Mis à jour le par Pierre Lemarchand
Teuta souffle dans sa clarinette une fois par semaine, au Conservatoire de Bourg-en-Bresse.
Teuta souffle dans sa clarinette une fois par semaine, au Conservatoire de Bourg-en-Bresse. ©JM Rayapen/SPF

A la fédération du Secours populaire de l’Ain, l’accès à la culture est une priorité. Parce qu’elle change la vie, les bénévoles imaginent de nombreuses actions qui permettent aux familles accompagnées par l’association d’y accéder. Ainsi, Teuta et ses deux enfants se rendent chaque semaine au Conservatoire afin de pratiquer la musique. Reportage.

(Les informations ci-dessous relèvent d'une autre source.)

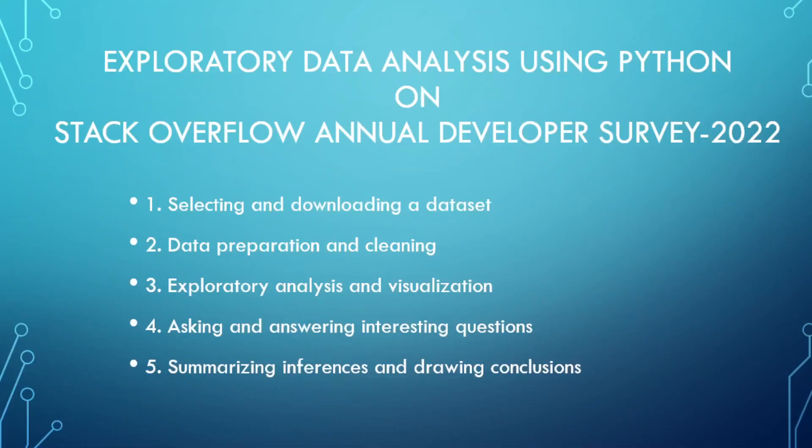Welcome back fellow detectives to another exciting episode of Data Detectives. Today we have an exciting case to solve using our trusty tool Python. We'll be diving deep into the Stack Overflow Annual Developer Survey for 2022, unleashing the power of exploratory data analysis to uncover fascinating insights.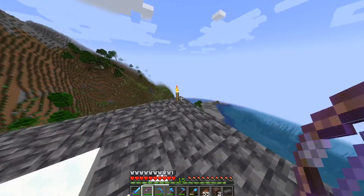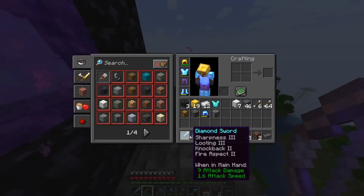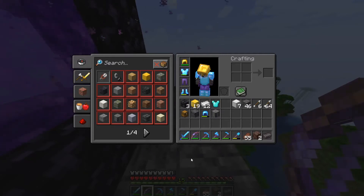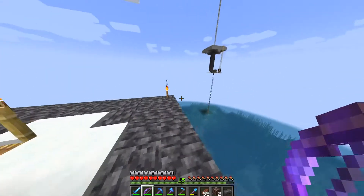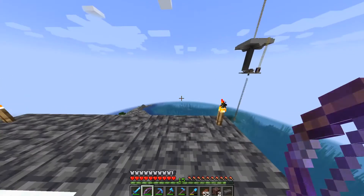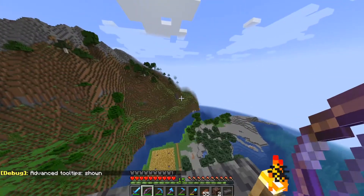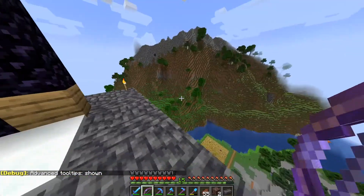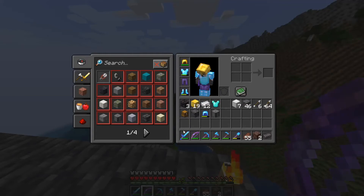Hey guys, it's Red Gamer here. Today I'm going to be showing you how to see your item and armor durability in Minecraft Java Edition. What you want to do is go to your keyboard and hold down F3 and H — that should turn on advanced tooltips. On the bottom left it should say advanced tooltips are now showing.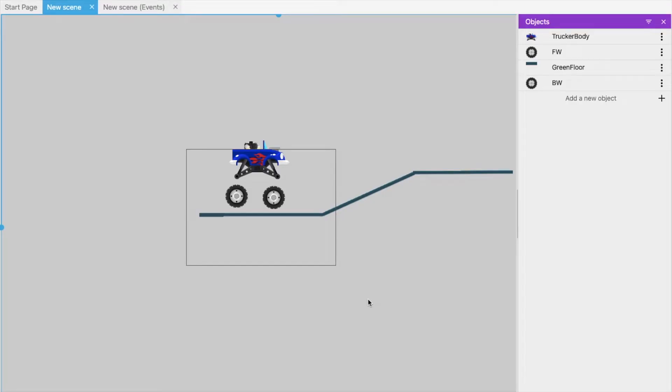Hello inventors, this is Soro. In this video we will learn about a truck racing game using GDevelop. This is the second part — till now we have completed the first part, so let me just run the game to show what we have formulated so far.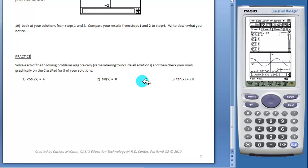Finally, the worksheet ends with some practice problems. Students will solve the problems algebraically to start with and then check their answers graphically on the ClassPad for three of their solutions.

Teuta se tâte : robe rouge ou pantalon noir ? Elle se décide pour la robe mais quand elle réapparaît, quelques minutes plus tard, c’est finalement sur le pantalon, rehaussé d’un chemisier couleur avocat, que son choix s’est porté. Elle s’est « faite belle », comme chaque mercredi, pour aller au Conservatoire de musique de Bourg-en-Bresse. « C’est un moment à part, un moment à moi », assure-t-elle. Les deux plus jeunes de ses quatre enfants, avec qui elle partage ce rendez-vous, se sont eux aussi mis sur leur trente-et-un. Sindrit, 11 ans, revêt une chemise beige impeccable et a soigneusement peigné ses cheveux. Le visage de Krisilda, 14 ans, est délicatement maquillé ; le brillant de ses créoles et des boutons de sa marinière accroche la lumière. Tous trois sortent du deux-pièces familial, sourire aux lèvres, yeux levés vers le bleu du ciel. « Quand je vais le mercredi à la musique, j’oublie… tout. Mes problèmes de papiers, les difficultés de la vie », confie Teuta. « J’ai inscrit mes enfants au Conservatoire quand le Secours populaire me l’a proposé car je les pousse toujours à découvrir. Il faut être curieux car le monde est grand. »

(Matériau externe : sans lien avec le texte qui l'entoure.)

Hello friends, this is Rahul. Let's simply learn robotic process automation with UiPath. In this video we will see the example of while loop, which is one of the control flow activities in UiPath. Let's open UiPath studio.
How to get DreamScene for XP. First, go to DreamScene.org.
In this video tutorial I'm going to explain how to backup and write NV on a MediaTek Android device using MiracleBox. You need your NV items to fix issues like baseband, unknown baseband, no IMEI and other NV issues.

« J’aime aller au Conservatoire car je suis avec mes enfants. »

« Maman n’avait pas compris que c’était familial, s’amuse Krisilda. Ou elle n’avait pas voulu comprendre ! Elle nous a amenés avec mon frère à la première séance et elle commençait à repartir quand le professeur lui a dit de rester. » En effet, le dispositif « La Fabrik’à sons » du Conservatoire, pour lequel le Secours populaire offre l’inscription à des familles accompagnées, est intergénérationnel. Il permet à des novices, comme Teuta et ses enfants, de découvrir la musique en collectif, en pratiquant d’emblée l’instrument de leur choix. En l’occurrence : la trompette pour Krisilda et Sindrit ; la clarinette pour Teuta. « Ça crée des liens entre les familles et au sein de la famille, analyse Carole Vilain, secrétaire générale de la fédération de l’Ain du Secours populaire. Ca permet à des personnes qui n’ont jamais joué, ne connaissent pas le solfège, n’ont pas d’instrument à la maison, de faire de la musique avec d’autres personnes. » Teuta et ses enfants comptent parmi la dizaine de familles que le Secours populaire, depuis qu’il a initié un partenariat avec le Conservatoire il y a trois ans, accompagne dans cet apprentissage ludique de la musique. 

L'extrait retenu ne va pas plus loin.